President of the Aruba Football Association Richard Dijkhoff, who was recently elected to the position, believes it provides an invaluable window into how he can develop the association and football further.
“It's important to know what kind of programmes FIFA are providing, so we can apply depending on what the federation is intending to do itself,” he said. “It is really useful for me to get an idea of what I can count on if I knock on FIFA's door.
“After being elected, FIFA undertook a PERFORMANCE programme on the island, focussing on five key areas of analysis. They recommended the federation get a full time technical director and prioritise youth development. During the seminar I saw several programmes we can apply to help meet these targets.”
The wide range of subjects covered during the four days means member associations as disparate as Canada and Haiti can leave with a greater awareness on issues relevant to them, while the very differences between some of those attending allows the chance to glean methods from colleagues abroad.
“Communication, strategy, developing women’s football, ethics, all these topics have been touched on,” Wilner Etienne, Technical Director of the Haiti FA, explained. “We then met with our President and the Secretary General to try and find solutions to manage all these challenges, to erase our weaknesses, and to identify which areas we should improve to have a competitive FA.
“The seminar is also good for sharing.

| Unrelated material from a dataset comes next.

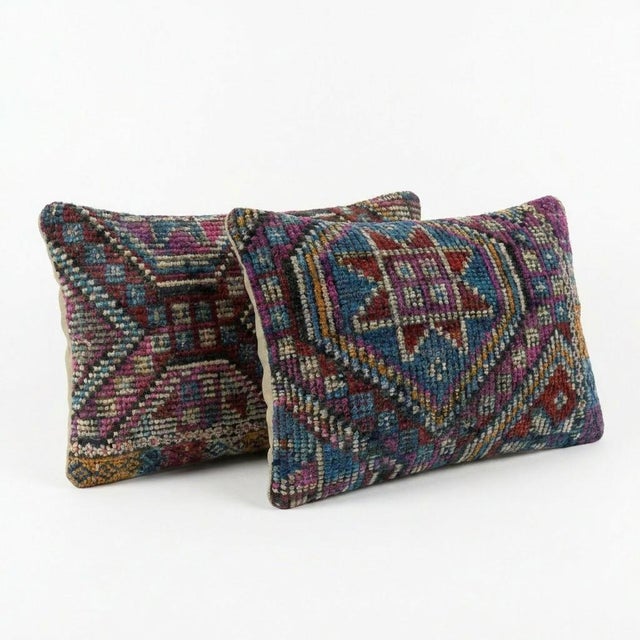 Mid-Century Modern Turkish Kilim Lumbar Pillow Cover 14'' X 20'' & 12'' X 24'' - Set of Two For Sale - Image 3 of 4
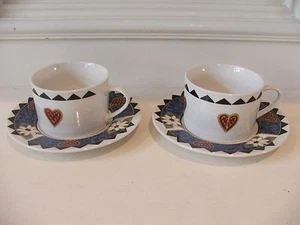2 Cup & Saucer Sets Tabletops Unlimited Barnyard Blues Karen Comerford - Picture 1 of 4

These types of meetings, with the Presidents, the Secretary Generals and Technical Directors, give us a clearer overview of what everybody does in their country.”
Jacobs similarly feels these kind of exchanges between colleagues from differing FA's is beneficial, allowing them maximising of potential and resources available, such as utilising the work of the technical director. “Optimising the function of the technical director position is critical, especially for small member associations that may not have the resources to do it all, so it is very important to us in that regard.”
The number of member associations taking part in the PERFORMANCE programme now stands at 155 globally, with 24 within CONCACAF (66 per cent of the whole confederation), while there have been 630 Goal projects since 1999, with 103 of those based within North and Central America and the Caribbean.
The four-day seminar is part of a series of 11, which are set to run until early 2014, having begun in September in Auckland, New Zealand.